La notizia del rilascio di Gianluigi Buffon, noto come Flop, dalla Juventus ha scatenato numerose reazioni nel mondo del calcio. L’addio del portiere dopo 20 anni di fedeltà al club bianconero non è passato inosservato, così come le ragioni del divorzio dalla giornalista sportiva Ilaria D’Amico.

Ma al di là delle vicende personali, ci sono anche motivi finanziari che hanno portato a questa separazione. Infatti, la Juventus si è trovata costretta a contrattare con Buffon un nuovo accordo a causa della crisi economica dovuta alla pandemia di Covid-19.

La società ha subito una forte riduzione dei ricavi e la decisione di non rinnovare il contratto di Buffon fa parte di un processo di riduzione dei costi. Inoltre, il portiere avrebbe dovuto accontentarsi di un salario inferiore rispetto a quello percepito fino ad ora.

Le trattative con Ilaria D’Amico sono invece saltate a causa della sua richiesta di una retribuzione troppo alta. Secondo alcuni rumors, la giornalista avrebbe chiesto una cifra vicina ai 300.000 euro annui, una richiesta considerata eccessiva dalla squadra torinese.
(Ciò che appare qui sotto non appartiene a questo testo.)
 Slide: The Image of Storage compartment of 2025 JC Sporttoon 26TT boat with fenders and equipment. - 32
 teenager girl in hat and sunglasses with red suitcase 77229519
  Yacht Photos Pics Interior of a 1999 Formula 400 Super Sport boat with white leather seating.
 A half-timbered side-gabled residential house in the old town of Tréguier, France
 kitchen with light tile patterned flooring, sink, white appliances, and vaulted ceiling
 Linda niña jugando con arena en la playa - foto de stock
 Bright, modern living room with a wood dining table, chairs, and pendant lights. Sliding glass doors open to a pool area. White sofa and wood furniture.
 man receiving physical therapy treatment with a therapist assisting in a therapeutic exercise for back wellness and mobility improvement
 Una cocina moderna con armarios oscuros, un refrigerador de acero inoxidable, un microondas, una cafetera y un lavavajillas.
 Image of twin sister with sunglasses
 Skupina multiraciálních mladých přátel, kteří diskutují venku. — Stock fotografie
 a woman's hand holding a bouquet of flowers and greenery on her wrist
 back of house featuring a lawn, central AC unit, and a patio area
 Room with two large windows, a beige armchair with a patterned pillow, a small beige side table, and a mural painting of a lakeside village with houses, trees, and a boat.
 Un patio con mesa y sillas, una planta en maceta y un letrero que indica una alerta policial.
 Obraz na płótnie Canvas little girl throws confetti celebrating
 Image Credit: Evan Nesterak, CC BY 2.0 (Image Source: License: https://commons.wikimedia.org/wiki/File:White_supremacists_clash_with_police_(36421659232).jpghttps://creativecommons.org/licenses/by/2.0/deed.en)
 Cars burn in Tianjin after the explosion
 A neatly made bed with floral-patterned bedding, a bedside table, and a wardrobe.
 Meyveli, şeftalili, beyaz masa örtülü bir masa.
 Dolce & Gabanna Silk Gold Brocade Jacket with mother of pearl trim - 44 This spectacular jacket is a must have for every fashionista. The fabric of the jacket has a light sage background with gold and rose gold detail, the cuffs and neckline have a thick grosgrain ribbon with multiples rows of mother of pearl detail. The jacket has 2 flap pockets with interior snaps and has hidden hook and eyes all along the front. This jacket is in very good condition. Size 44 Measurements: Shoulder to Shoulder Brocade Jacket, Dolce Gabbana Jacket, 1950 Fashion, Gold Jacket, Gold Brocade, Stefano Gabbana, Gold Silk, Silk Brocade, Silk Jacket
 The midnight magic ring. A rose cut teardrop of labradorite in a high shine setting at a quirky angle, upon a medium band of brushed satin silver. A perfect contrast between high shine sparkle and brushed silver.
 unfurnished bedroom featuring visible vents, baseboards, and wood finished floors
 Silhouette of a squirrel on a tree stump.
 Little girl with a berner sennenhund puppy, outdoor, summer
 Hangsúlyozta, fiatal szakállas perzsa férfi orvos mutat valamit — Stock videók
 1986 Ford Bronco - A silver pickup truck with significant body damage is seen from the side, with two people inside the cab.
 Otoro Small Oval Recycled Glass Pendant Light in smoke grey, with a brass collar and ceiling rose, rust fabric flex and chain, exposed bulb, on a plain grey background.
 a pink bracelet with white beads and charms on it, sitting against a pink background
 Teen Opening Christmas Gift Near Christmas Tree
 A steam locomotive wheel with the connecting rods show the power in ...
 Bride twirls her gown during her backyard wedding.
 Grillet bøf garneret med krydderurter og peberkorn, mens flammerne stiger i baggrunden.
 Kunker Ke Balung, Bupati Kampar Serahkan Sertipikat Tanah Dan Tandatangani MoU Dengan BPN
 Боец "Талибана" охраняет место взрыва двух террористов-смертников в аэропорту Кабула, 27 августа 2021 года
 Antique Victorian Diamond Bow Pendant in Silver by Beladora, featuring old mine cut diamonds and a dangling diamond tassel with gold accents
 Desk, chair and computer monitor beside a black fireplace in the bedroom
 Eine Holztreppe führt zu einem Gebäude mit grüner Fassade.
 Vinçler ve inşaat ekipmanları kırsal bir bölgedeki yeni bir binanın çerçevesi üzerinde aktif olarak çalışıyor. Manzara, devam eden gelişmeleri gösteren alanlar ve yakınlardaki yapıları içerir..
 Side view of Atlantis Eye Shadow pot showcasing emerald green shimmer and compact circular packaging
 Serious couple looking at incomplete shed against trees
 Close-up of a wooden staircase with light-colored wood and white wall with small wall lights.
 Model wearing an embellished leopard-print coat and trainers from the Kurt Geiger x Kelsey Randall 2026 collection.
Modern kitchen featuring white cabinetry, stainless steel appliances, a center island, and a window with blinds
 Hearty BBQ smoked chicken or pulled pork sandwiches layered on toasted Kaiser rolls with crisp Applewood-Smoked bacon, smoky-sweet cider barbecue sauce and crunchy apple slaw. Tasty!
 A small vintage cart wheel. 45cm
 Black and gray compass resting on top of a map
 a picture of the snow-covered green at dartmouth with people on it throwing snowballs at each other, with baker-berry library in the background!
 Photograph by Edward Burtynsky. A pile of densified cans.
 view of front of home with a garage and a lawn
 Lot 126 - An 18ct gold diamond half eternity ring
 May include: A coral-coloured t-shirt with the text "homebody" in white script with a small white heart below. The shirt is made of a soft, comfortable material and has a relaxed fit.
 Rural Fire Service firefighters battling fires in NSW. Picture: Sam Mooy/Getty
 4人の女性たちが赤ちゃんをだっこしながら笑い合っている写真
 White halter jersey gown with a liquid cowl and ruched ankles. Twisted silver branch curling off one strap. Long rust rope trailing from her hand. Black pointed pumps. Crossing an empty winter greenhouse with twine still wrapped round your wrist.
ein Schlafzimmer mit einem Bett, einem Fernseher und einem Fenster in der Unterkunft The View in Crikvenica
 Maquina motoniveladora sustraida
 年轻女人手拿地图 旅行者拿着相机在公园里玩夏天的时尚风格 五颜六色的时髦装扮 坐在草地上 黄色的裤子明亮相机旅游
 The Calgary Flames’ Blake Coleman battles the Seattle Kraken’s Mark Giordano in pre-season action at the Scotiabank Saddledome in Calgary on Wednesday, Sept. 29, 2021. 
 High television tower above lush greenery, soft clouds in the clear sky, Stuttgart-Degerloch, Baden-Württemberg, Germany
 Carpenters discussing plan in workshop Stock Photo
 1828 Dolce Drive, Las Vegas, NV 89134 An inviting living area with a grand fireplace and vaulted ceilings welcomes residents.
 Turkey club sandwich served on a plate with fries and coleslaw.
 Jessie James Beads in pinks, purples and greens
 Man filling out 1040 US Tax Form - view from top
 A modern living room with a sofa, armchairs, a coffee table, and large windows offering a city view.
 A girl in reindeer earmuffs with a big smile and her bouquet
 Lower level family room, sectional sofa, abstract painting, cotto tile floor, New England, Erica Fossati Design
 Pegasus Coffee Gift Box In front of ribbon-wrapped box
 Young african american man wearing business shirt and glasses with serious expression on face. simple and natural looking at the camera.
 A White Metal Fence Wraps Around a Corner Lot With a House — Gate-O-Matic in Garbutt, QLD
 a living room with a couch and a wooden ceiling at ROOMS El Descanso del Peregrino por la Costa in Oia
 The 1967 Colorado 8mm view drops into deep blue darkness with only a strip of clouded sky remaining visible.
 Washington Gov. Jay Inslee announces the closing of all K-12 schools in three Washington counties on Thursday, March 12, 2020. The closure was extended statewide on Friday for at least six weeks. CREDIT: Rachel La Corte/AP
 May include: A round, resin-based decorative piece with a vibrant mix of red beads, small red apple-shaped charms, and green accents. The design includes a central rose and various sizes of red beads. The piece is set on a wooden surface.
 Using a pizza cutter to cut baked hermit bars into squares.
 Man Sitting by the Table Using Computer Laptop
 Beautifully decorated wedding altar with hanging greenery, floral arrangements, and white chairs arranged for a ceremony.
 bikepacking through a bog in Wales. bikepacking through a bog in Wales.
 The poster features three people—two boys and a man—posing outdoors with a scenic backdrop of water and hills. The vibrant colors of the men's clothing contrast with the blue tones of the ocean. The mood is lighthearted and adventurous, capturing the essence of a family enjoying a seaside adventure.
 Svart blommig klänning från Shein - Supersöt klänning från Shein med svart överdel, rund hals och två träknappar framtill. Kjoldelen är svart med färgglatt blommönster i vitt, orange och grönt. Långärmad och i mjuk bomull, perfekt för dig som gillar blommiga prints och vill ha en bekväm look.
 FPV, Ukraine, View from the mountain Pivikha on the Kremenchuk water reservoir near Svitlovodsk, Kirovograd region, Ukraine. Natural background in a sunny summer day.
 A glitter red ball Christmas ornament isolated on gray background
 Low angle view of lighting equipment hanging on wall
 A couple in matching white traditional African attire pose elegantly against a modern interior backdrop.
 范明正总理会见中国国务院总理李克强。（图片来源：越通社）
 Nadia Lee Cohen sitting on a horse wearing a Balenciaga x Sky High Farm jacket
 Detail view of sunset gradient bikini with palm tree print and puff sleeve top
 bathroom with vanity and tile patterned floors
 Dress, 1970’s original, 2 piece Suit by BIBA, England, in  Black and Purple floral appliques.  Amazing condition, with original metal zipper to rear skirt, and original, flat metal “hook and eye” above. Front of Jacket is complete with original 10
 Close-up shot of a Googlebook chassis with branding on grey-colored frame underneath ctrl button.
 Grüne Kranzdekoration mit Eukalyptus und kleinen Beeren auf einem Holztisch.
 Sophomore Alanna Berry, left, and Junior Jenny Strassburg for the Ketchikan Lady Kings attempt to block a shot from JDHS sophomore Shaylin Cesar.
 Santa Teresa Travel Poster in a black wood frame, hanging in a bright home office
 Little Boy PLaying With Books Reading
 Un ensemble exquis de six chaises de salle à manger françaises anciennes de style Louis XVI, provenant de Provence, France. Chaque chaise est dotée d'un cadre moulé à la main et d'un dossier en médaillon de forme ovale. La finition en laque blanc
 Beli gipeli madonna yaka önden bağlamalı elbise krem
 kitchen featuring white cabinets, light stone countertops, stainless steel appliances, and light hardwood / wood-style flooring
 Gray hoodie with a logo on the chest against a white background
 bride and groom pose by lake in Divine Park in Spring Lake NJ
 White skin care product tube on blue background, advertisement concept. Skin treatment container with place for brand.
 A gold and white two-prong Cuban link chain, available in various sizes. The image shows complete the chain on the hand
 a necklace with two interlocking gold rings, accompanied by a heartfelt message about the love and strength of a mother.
Inoltre, la Juventus avrebbe già raggiunto un accordo con il nuovo portiere, il polacco Wojciech Szczesny, e con l’estremo difensore napoletano Alex Meret, che potrebbe arrivare in prestito dalla stessa società partenopea.

In questo contesto, la decisione di non rinnovare il contratto di Buffon e di non proseguire la collaborazione con D’Amico, due icone del mondo calcistico italiano, è stata presa in maniera razionale e coerente con il clima di crisi economica che ha investito il settore.

In conclusione, il rilascio di Flop dalla Juventus e le ragioni del divorzio con Ilaria D’Amico sono motivati anche da motivi finanziari. La riduzione dei costi e la necessità di contrattare con i giocatori e i collaboratori a cifre più contenute per fare fronte alla crisi economica dovuta alla pandemia di Covid-19 sono le ragioni che hanno portato alla fine della lunga partnership tra il portiere e il club bianconero, così come alla mancata conferma della giornalista sportiva ai microfoni della Juventus Tv.